Building civilization
As a child, Tan studied in a private village school, and the traditional aspects of his mindset created during this time lasted into his later years, including his insistence on using traditional bookkeeping notation. He was, however, also an innovator and someone willing to challenge the status quo, and despite being in geographically tiny Singapore, he always had his eyes on the global picture, always watching the colonial and global situations.
Tan spent the first five or six years of his time in the rubber industry investigating ways to lower the failure rates of his gumboots, raincoats, and gloves. Later, with American technology unavailable, he spent five years working to overcome all manner of technical difficulties, finally lowering the failure rate of his tires from 30% to 2%. Through advertising, Tan was able to build up sales channels and break the monopoly the British held on international trade in Singapore.
In the midst of this trade war, Tan saw how overseas industrialists and China itself were both the weaker parties amidst the struggles they faced, as well as the threats his homeland faced and the continuing strengthening of Western civilization. He came to see that the "civilized" nations, which had the eyes of the world upon them, made the best use of resources and were focused on quality in production, placing them in the stronger position in the international market and leading to an increase in their power. At the same time, they promoted education and the fostering of new talent. All of these factors combined to create a virtuous circle for the strong, in which they became ever stronger.
Tan compared China to other rich nations in areas like literacy, governmental focus on education, perspectives on wealth, sense of responsibility to the community, and the people's ambition, quality of character, and mental outlook. He noticed that Singapore's death rate was gradually dropping, and in 1945 published the book Home and Hygiene in the hopes that his homeland would place greater emphasis on these two during their post-war reconstruction efforts.

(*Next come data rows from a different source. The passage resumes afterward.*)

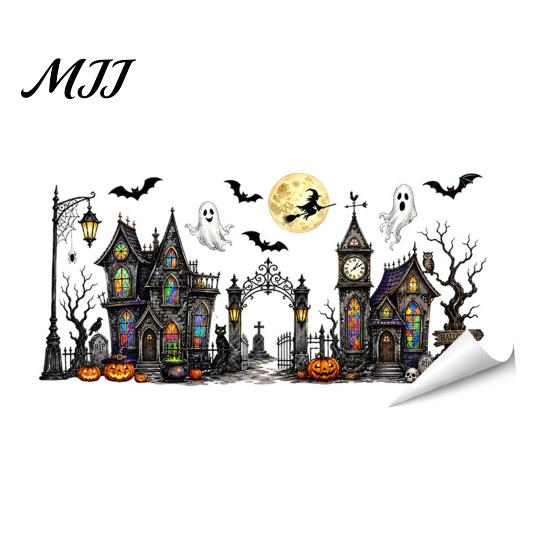 Spooky Glass Stickers Halloween Window Static Sticker, Ghost Castle Black Cat Print Decals, Creative Gift for Friends Waterproof PVC Cling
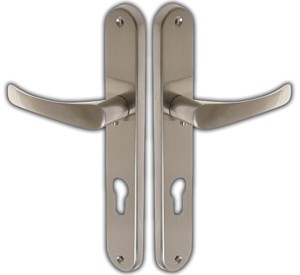 KLAMKA DRZWIOWA DO DRZWI CLASSIC DŁUGI SZYLD NA WKŁADKĘ 72 NIKIEL SATYNA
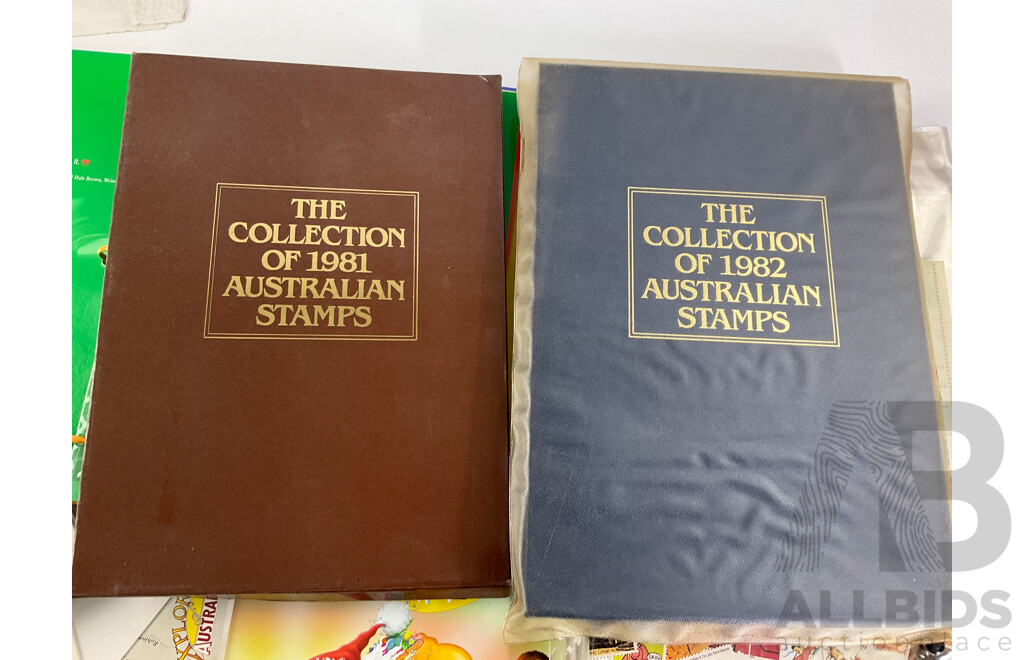 Australian 1970's to 2000's Stamp Packs Including Thomas and Friend, Angry Birds, Down on the Farm, Joint Issue, Stamp Week 1980, Empty 1981, 1982 Annual Albums, Empty 2000 Olympics Coin Folder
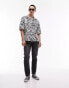 Фото #2 товара Topman short sleeve relaxed festival animal print shirt in black and white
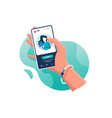 flat isolated hand with phone with contacts woman vector image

Lifting China through education
Tan also noticed that of the US' 300 universities at the time, over 280 were funded in part by donations from businessmen, while in China, the wealthy were either hedonistic wastrels or misers who hoarded their money for their children and grandchildren. Neither type spent a cent on charity, nor had any sense of selfless service.
He concluded that "education is the foundation of a nation, and promoting it is the solemn duty of all citizens."
Tan then began dedicating his life's wealth and energy to fulfilling this duty. He lived his own life thriftily, with his biggest extravagance the occasional oyster omelet, while at the same time spending tens of millions on education, establishing Xiamen University back in China, amongst other things. The organizations he established included kindergartens, elementary schools, middle schools, girls' schools, and even specialist schools teaching education, aquaculture, sailing, business, agriculture, forestry, and traditional Chinese studies that became "Jimei Schools Village," which boasted excellent facilities. Even during the chaotic warlord period, Sun Yat-sen expressed his admiration for Jimei, calling it a place of peace for China and exhorting the people of Fujian and Guangdong to take particular care of it.
But Tan was not only concerned with his homeland, nor only with China and Singapore, but with all the people of the world. In his autobiography Nan-Chiao Reminiscences he wrote with longing not only for his beloved homeland, but also for a world of equality and fairness under the leadership of the "victorious nations" in the wake of the ravages of war. He wrote of his hope that war would be stamped out, that inequality would be erased, and that the nations of the world would cease their harsh legal restriction of overseas Chinese so that they too could contribute to the improvement of the world.
Tan Kah Kee's life was a microcosm of the overseas Chinese experience over the past century, and Singapore was able to offer someone like Tan the opportunity, geography, and community to become great both as a businessman and as a man. Looking back on what this paragon of virtue achieved, Singapore should consider itself honored to have had him.